Les 7 facteurs prédictifs de la learning fatigue
L'universitaire Ufuk Tuğtekin (Université de Mersin, Turquie) a développé l'Online Learning Fatigue (OLF) Scale, destinée à évaluer les niveaux de fatigue chez les apprenants dans des environnements d'apprentissage en ligne et en mode hybride. Cette échelle est composée de 7 marches ; chacune d'entre elles représente un facteur impliqué dans la fatigue d'apprentissage.
- Ambiguïté de l’information (Information Equivocality) : l’ambiguïté ou le manque de clarté des informations présentées aux apprenants.
- Surcharge informationnelle (Information Overload) : la quantité excessive d'informations que les apprenants doivent traiter.
- Complexité du système (System Complexity) : la complexité du système de gestion de l'apprentissage et de ses fonctionnalités.
- Rythme de changement du système (System Pace of Change) : la fréquence et la rapidité des mises à jour ou des modifications de la plateforme de formation.
- Surcharge des fonctionnalités du système (System Feature Overload) : le trop grand nombre de fonctionnalités de la plateforme.
- Surcharge communicationnelle (Communication Overload) : le volume excessif de communications (emails, notifications, rappels...) reçues par les apprenants.
- Fatigue liée au LMS (LMS Fatigue) : L'épuisement global résultant d'une interaction prolongée avec le LMS.
Le chercheur pointe ainsi deux responsables principaux dans l'émergence d'une fatigue en lien avec l'apprentissage :
- Une communication inadaptée (excès d'informations et de sollicitations, messages parfois de mauvaise qualité).
- Les plateformes de formation trop complexes et instables.
Après ces différents constats, une conclusion s'impose : l'entreprise a un rôle immense à jouer dans la prévention et le contrôle de la learning fatigue, que ce soit sur le plan humain, pédagogique et technologique.
Comment l’entreprise peut prévenir et lutter contre la learning fatigue ?
Revoir l'approche des formations
Comment maintenir l'engagement, la concentration des apprenants à un niveau optimal tout au long de leurs sessions ? En leur proposant des formations interactives, des programmes rythmés, intégrant une pluralité de méthodes pédagogiques et d'activités pour éviter la monotonie. L'idée : rendre l'apprenant pleinement acteur de sa formation, le faire sortir de sa passivité.
Il convient également d'orienter les cours vers un objectif clair et concret, correspondant exactement à ce que l'apprenant recherche. Il doit savoir où il va et se dire : "Après la formation, je serai enfin capable de réaliser telle et telle chose dans mon travail."

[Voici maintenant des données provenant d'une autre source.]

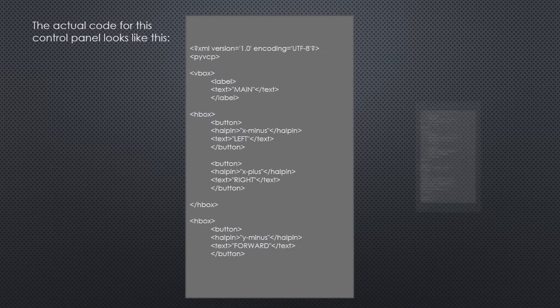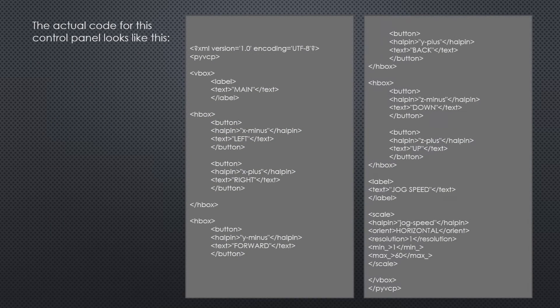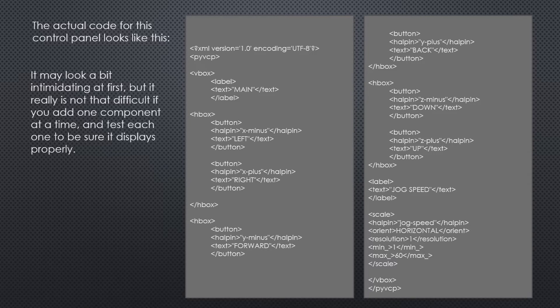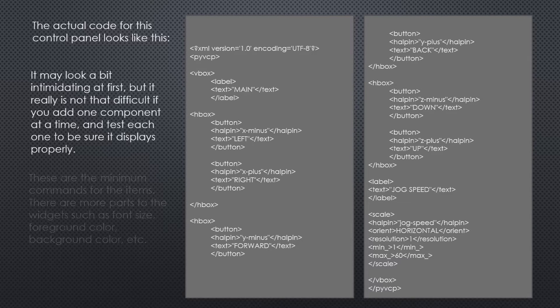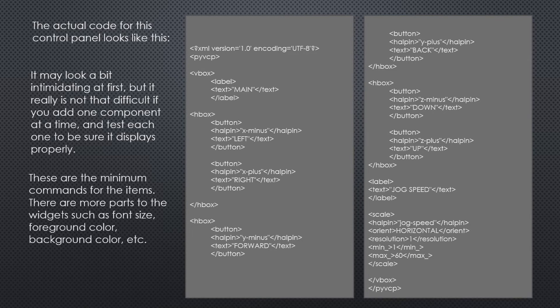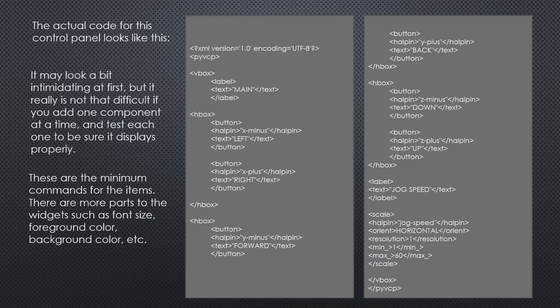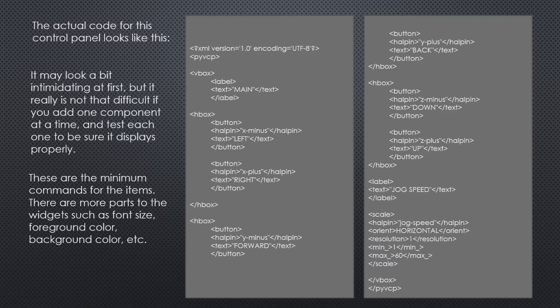The last component is actually made of two parts, another label and a scale. We can drop both of these after the last H-Box, and they will stack vertically because we're still inside of the original V-Box container. The actual code for this control panel looks like this. It may look a bit intimidating at first, but it really is not that difficult if you add one component at a time and test each one to be sure it displays properly. These are the minimum commands for the items. There are more parts to the widgets, such as font size, foreground color, background color, etc.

Optimiser l'apport du digital
Miser sur le blended learning
Les atouts de la formation digitale n'échappent plus à personne. Cela dit, nous l'avons vu, elle est aussi potentiellement source de fatigue cognitive et de désengagement. Dans ce cadre, le blended learning tire son épingle du jeu. Il combine le meilleur des deux mondes, présentiel et distanciel. La diversification des formats est gage de dynamisme et mobilise l'apprenant à chaque étape de son parcours. De plus, les sessions en ligne lui permettent d'apprendre à son propre rythme ; il évite ainsi une surcharge mentale. Par ailleurs, dans une formule mixte, le lien social est préservé.

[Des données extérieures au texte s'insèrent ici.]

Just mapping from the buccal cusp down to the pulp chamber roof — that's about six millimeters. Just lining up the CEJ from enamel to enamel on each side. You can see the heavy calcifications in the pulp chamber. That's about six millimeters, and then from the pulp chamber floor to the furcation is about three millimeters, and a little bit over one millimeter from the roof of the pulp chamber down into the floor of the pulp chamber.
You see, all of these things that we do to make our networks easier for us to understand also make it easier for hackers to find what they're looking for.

Séverine Lambert (Biologique Recherche) témoigne de l'apport du digital pour ses collaborateurs : “On utilise le digital comme un vrai trait d’union et comme une partie prenante à notre processus de transmission et de formation de nos apprenants. Chaque module se termine par un quiz qui va valider les connaissances en préservant un côté friendly. Ça rentre dans une logique de gamification et ça nous permet de nous assurer du niveau de connaissance de nos apprenants."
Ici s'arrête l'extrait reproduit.